A melhor notícia que li este ano veio do IBGE: a parcela do povo que se autodeclara de raça/cor preta aumentou de 8,6% em 2017 para 10,6% em 2022. O percentual pode parecer pequeno numa população estimada em 213 milhões, mas não é. Ao contrário.
É bastante coisa para uma sociedade que desde o século 19 vem mascarando sua identidade étnica a ponto de criar a classificação de pardo para quem não tem a tez retinta e de se auto intitular uma “democracia racial”. Somados, pretos e pardos (45,3%) são 55,9% dos brasileiros.
Trata-se de um claro (não resisti ao trocadilho) sinal de que nós, negros, estamos ainda mais dispostos e determinados a seguir resistindo e lutando pelo respeito a nossos corpos e a nossos direitos.
No livro “Tornar-se negro – ou as Vicissitudes da Identidade do Negro Brasileiro em Ascensão Social“, a psicanalista Neusa Santos Sousa afirma que “no Brasil, nascer com a pele preta e compartilhar de uma mesma história de desenraizamento, escravidão e discriminação racial não organiza, por si só, uma identidade negra”.

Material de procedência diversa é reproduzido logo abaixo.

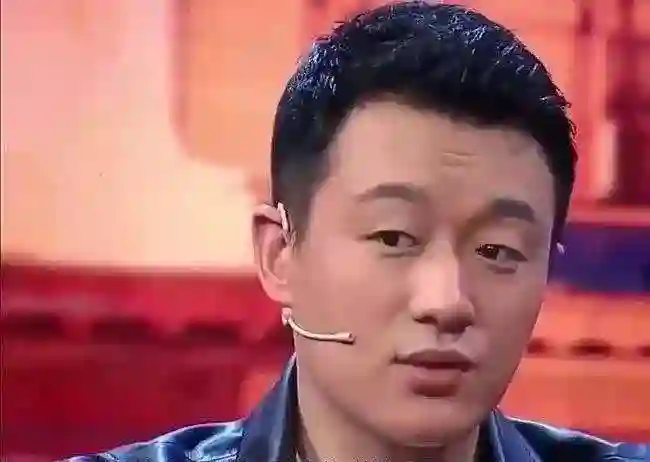 佟大为带17岁女儿拍戏，俩女儿拜师刘天池，长相随妈，个高比例好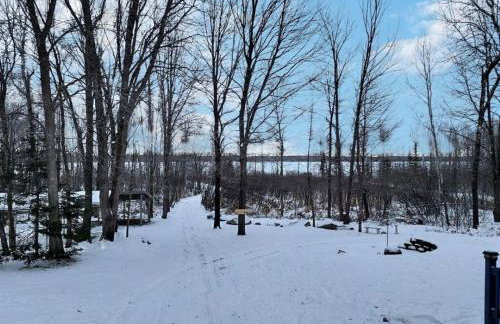 Lake Willow Lakefront House! Northwoods Retreat! - Foto 50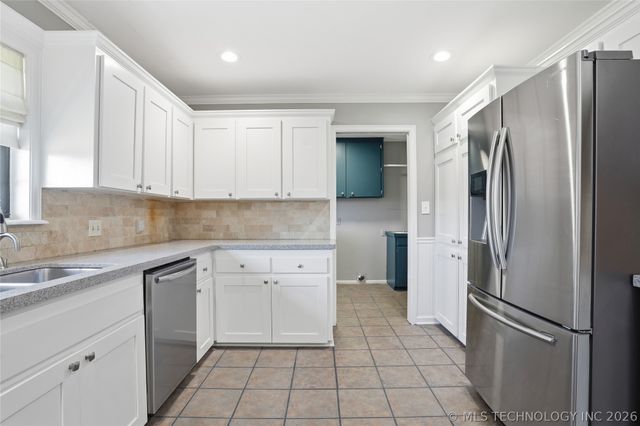 3704 S Braden Place, Tulsa, OK 74135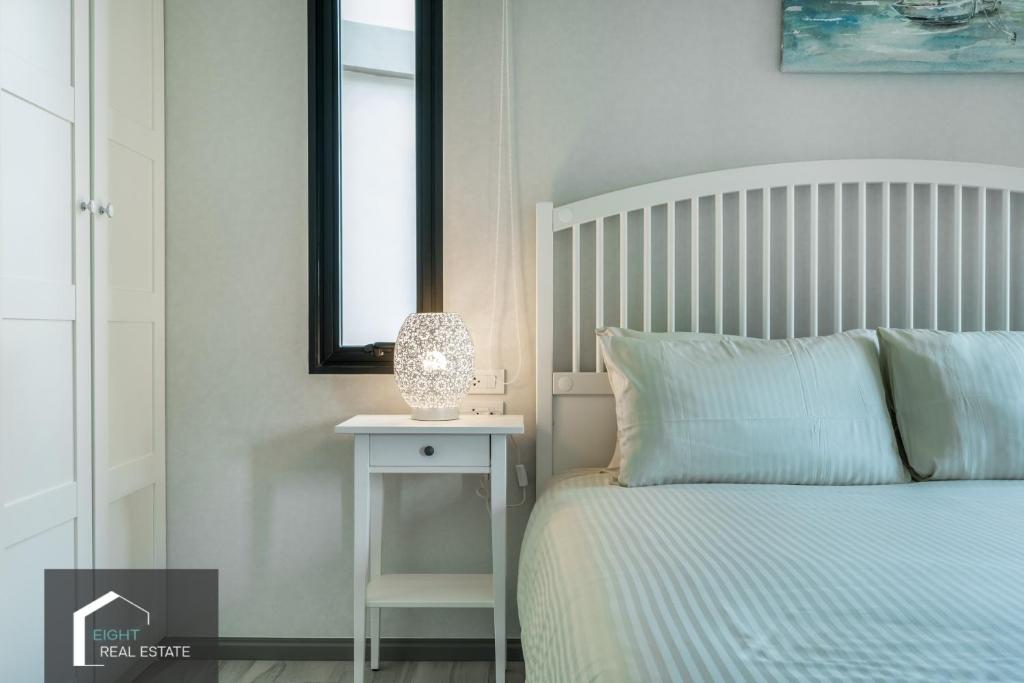Postel nebo postele na pokoji v ubytování Studio Apartment by the Sea E413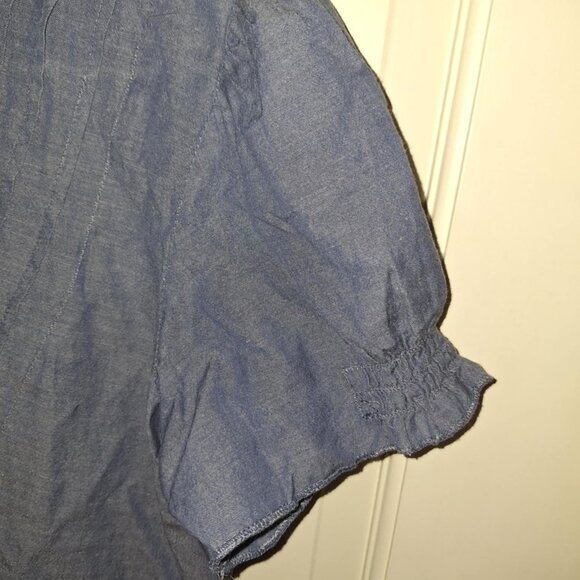 Fun and Flirt Blouse, size Large - Picture 3 of 9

Isso reforça a importância de políticas de ação afirmativa, como as cotas nas universidades, e da ampliação do debate nacional sobre as desigualdades criadas e mantidas por questão racial.
Não é por acaso que pouco se fala sobre racismo nas escolas do país e que o protagonismo de personagens negras e indígenas em diversos momentos da nossa história seja ocultado. Ou que a lei que tornou obrigatório o ensino da história e da cultura afro não seja realidade efetiva apesar de existir há 20 anos (lei 10.639/03).

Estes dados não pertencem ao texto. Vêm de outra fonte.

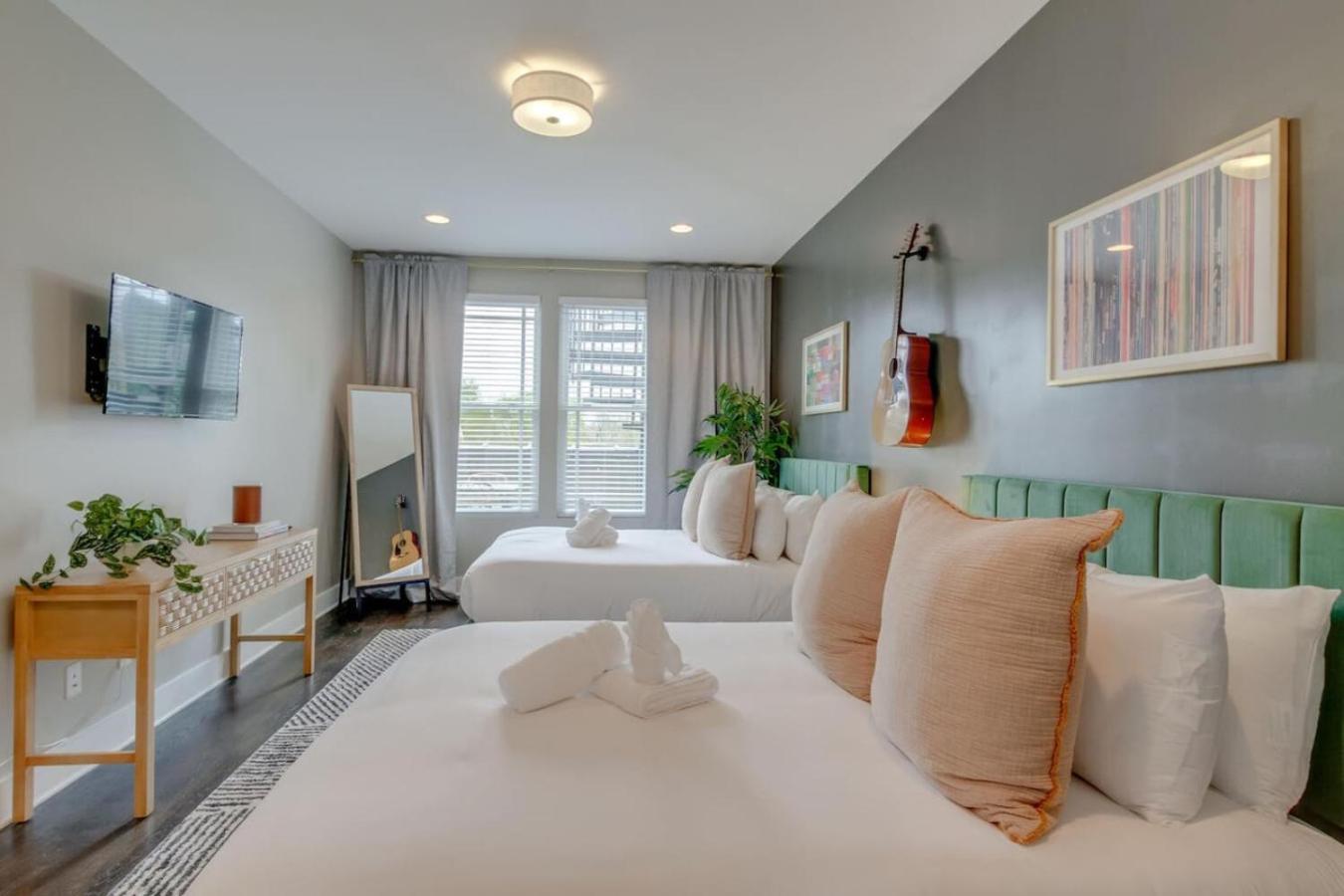 Holiday home The Ultimate Double Rooftop Deck With Skyline Views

O letramento racial é fundamental para enfrentar o imaginário racista e institucionalizado de que o ser humano, bonito, desejável e digno de valor é branco. Milhões de brasileiros foram criados para sentir vergonha de suas origens, como se fossem descendentes de povos sem mérito ou cultura. O dado do IBGE mostra que a consciência desse coletivo está mudando.